BREXIT E AGRICOLTURA, UN IMPATTO AD ALTO RISCHIO

Brexit è diventato un termine ricorrente per tutti i cittadini europei da quando, nel giugno 2016, il 51,89% dei votanti al referendum indetto nel Regno Unito diede l’approvazione all’uscita dall’Unione Europea.
Non è volontà di chi scrive esprimere commenti sull’argomento: se sia opportuno prendere decisioni così importanti e strategiche per un Paese sulla base di un voto popolare, se sia giusto che i politici chiamati a governare abdichino al loro ruolo lasciando la responsabilità ai cittadini; ancora, se una risicata maggioranza sia sufficiente per giustificare una scelta di questa portata.
Di certo, a due anni di distanza alcuni fatti sono inoppugnabili.
Innanzitutto molti sondaggi riportano che una parte significativa dei votanti pro Brexit si è pentita e oggi dichiara che voterebbe in modo diverso. Infatti oltre 5 milioni di cittadini britannici hanno firmato per ottenere un secondo referendum, che per il 37% della popolazione è l’opzione preferita, rispetto a un’uscita senza accordo (hard Brexit), a un’uscita “dolce” (soft Brexit) e alla proposta May, pluri bocciata anche dal Parlamento.
Questa inversione di tendenza è in gran parte motivata da un altro fatto: dopo il referendum l’economia del Regno Unito è in netta flessione. Secondo la Bank of England la perdita complessiva è pari al 2%, vale a dire un calo produttivo di 930 milioni di euro a settimana. Così, quella che nel 2016 era l’economia trainante del G7, oggi è la più lenta del gruppo, con un tasso di crescita inferiore a 1% contro il 6% del resto del G7.
Quale sarà l’impatto della Brexit sull’agricoltura? Oggi è difficile dare una risposta certa.
Molti sono i settori coinvolti e di conseguenza diverse sarebbero le ricadute.
Ad esempio, causa il calo delle scorte, le esportazioni alimentari da Italia a UK a gennaio 2019 erano aumentate del 17,3% rispetto a un anno prima, mentre a livello globale segnavano un più modesto +5,9%.
Restando sull’argomento import-export, basti pensare che oggi la Gran Bretagna esporta i 2/3 della propria produzione agricola in Europa e importa da questa il 70% del proprio consumo di frutta, verdura e altri alimentari. Un settore altamente strategico è quello zootecnico, considerando che il Regno Unito è il terzo produttore di carne bovina in Europa. E’ quindi facile immaginare che un’uscita senza accordo avrebbe conseguenze pesanti da entrambe le parti.
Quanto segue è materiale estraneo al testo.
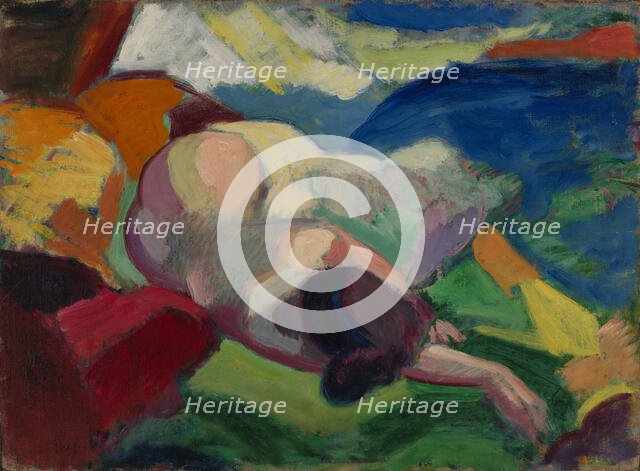 Nude, ca. 1915-1916. Creator: Carl Newman.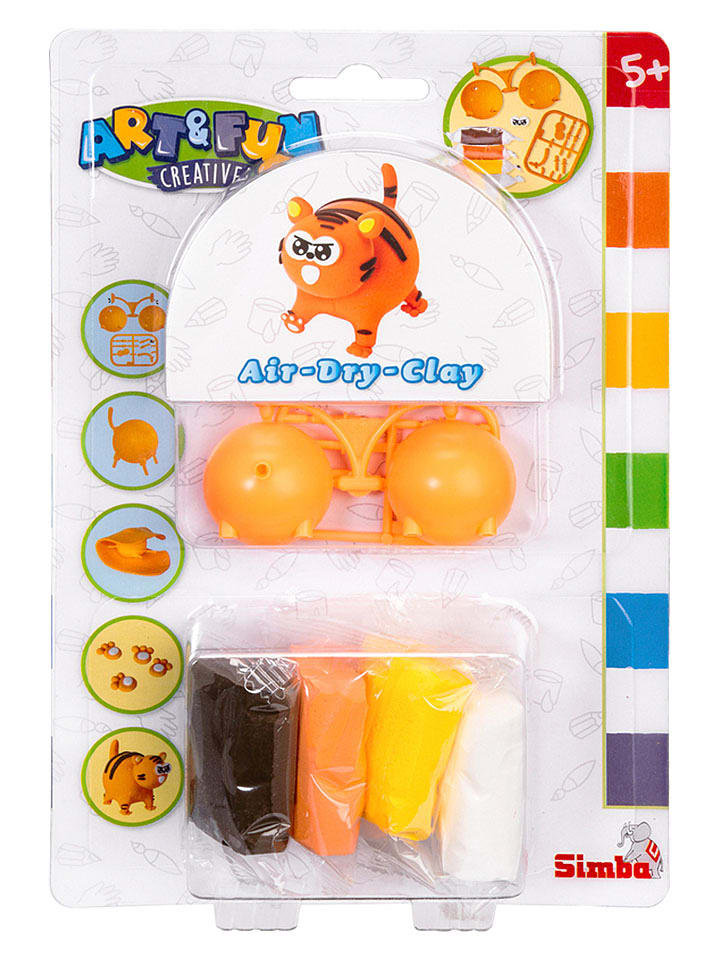 Simba Kreativset "Lufttrocknende Modelliermasse - Tiger" - ab 5 Jahren - onesize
Anche Rabobank International, una delle banche del settore agricolo più importanti e qualificate, prevede uno scenario fosco in caso di uscita “no-deal”. In quest’ultima situazione la Gran Bretagna diventerebbe un paese terzo per la UE, pertanto gli scambi commerciali sarebbero soggetti a tariffe di importazione e questo provocherebbe un aumento dei prezzi degli alimentari, oggi stimato in un 10-15%, a beneficio degli agricoltori ma a danno di tutti i consumatori britannici. I primi però sarebbero penalizzati dall’aumento dei prezzi di macchine agricole, fertilizzanti, energia e fitofarmaci.
Tanti interrogativi quindi, in un quadro dominato da molte ombre.